__Problem statement__.
Would you retype the whole listing exactly, leaving its pictures out?

__Given material__.

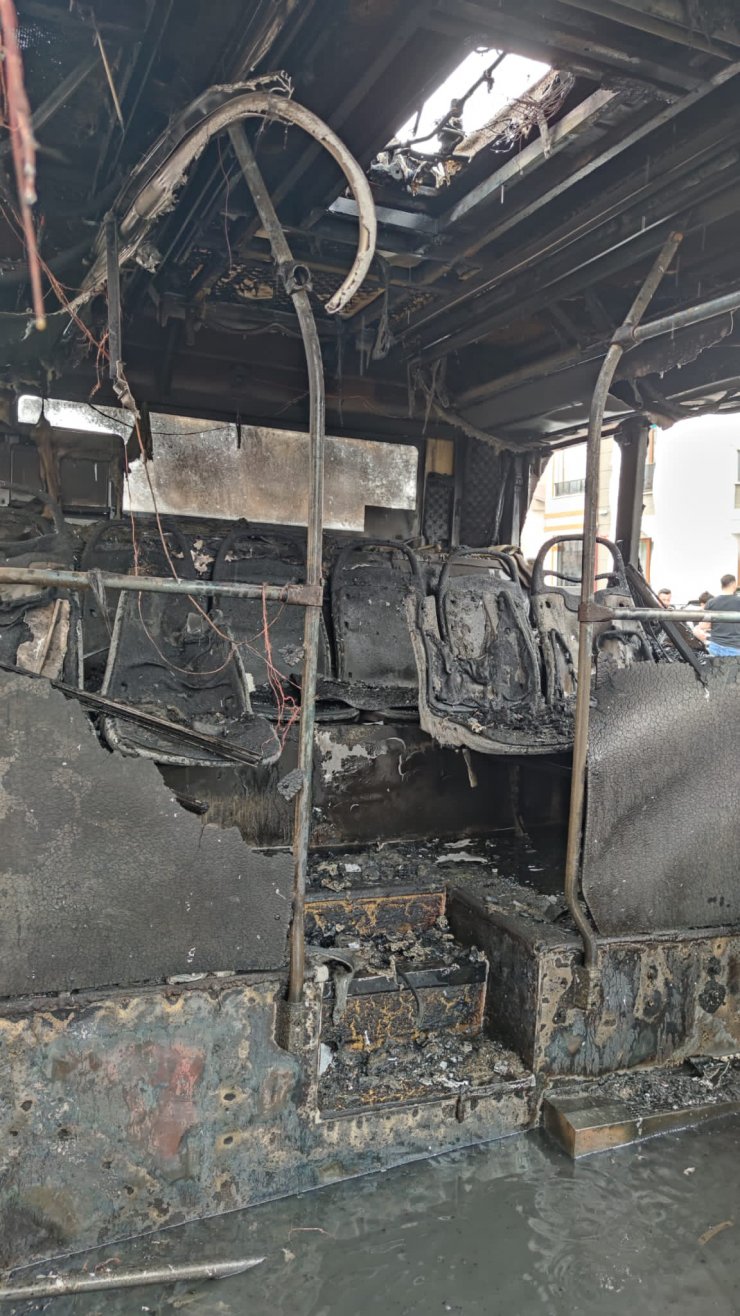 Halk otobüsü alev alev yandı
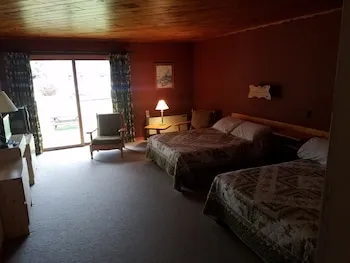 Schultes Family Lodge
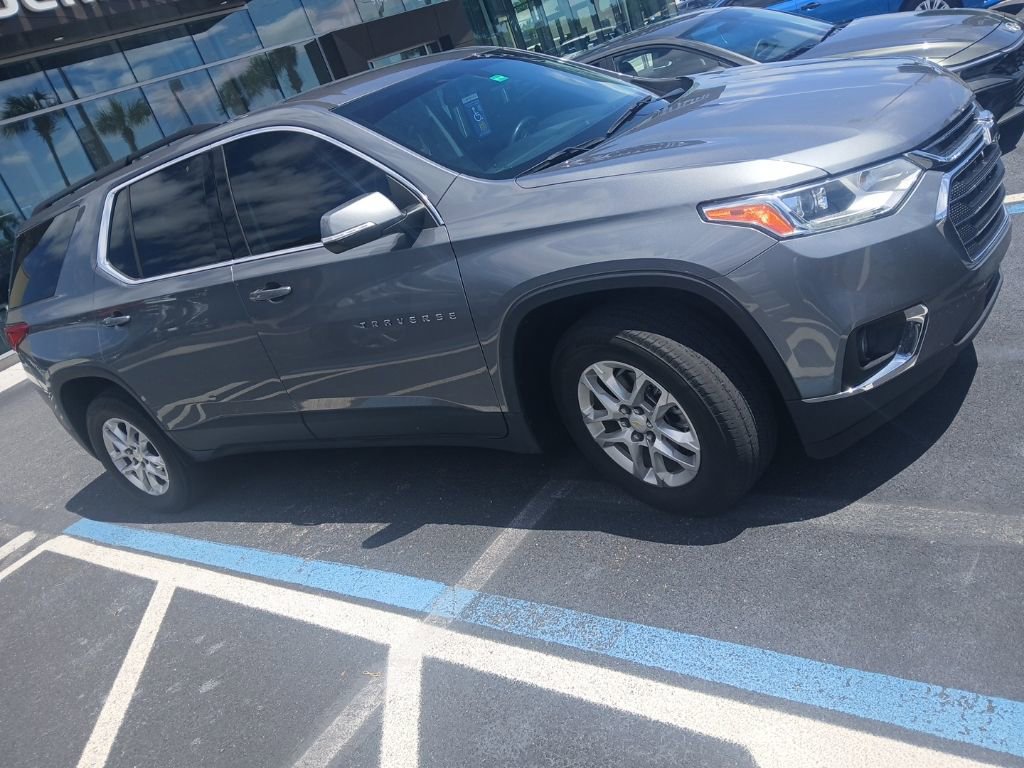 Used 2021 Chevrolet Traverse LT image 6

__Written response__.
 Halk otobüsü alev alev yandı
 Schultes Family Lodge
 Used 2021 Chevrolet Traverse LT image 6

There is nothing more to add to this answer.